[[ Given material open ]]

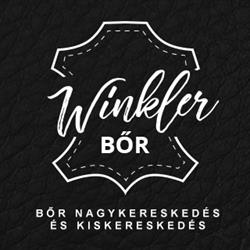 Winkler Bőr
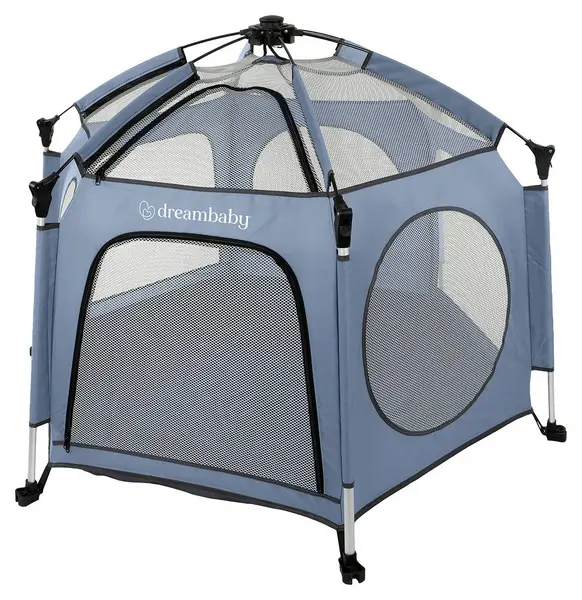 Image of Dreambaby Adventure Pop-Up Indoor & Outdoor Playpen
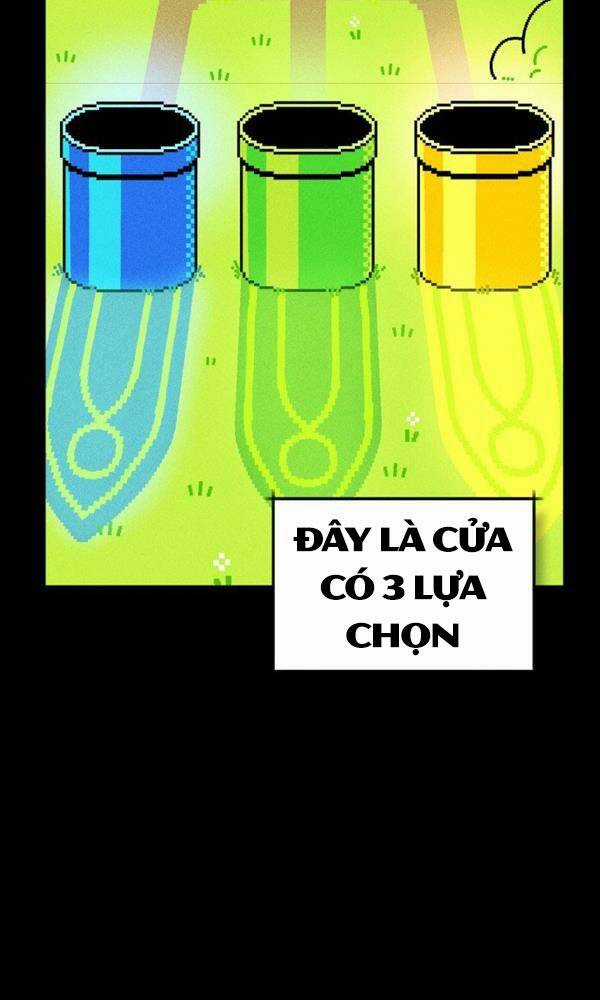 Chơi Game Cứu Nhân Loại Chapter 3 trang 45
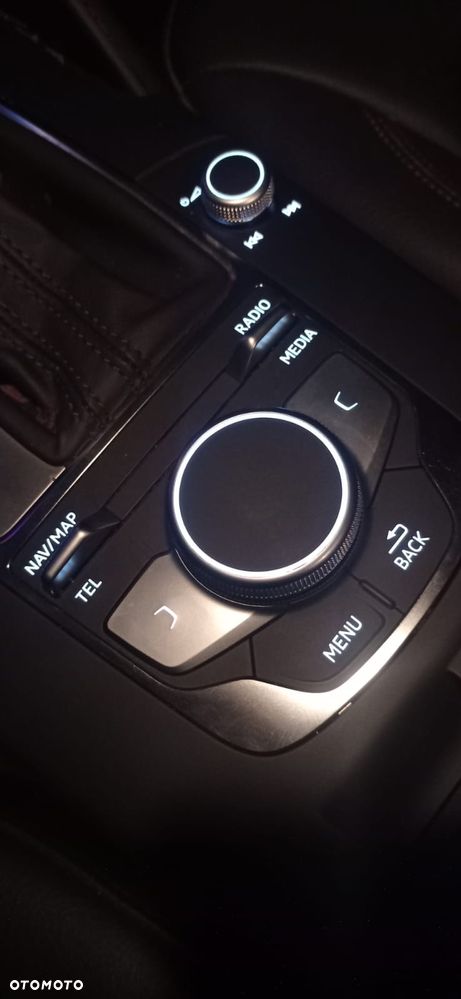 Audi A3 Limousine - 12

[[ Given material closed ]]

Work to be completed:
What you hand back should match the listing exactly, except that no pictures appear.

Answer:
 Winkler Bőr
 Image of Dreambaby Adventure Pop-Up Indoor & Outdoor Playpen
 Chơi Game Cứu Nhân Loại Chapter 3 trang 45
 Audi A3 Limousine - 12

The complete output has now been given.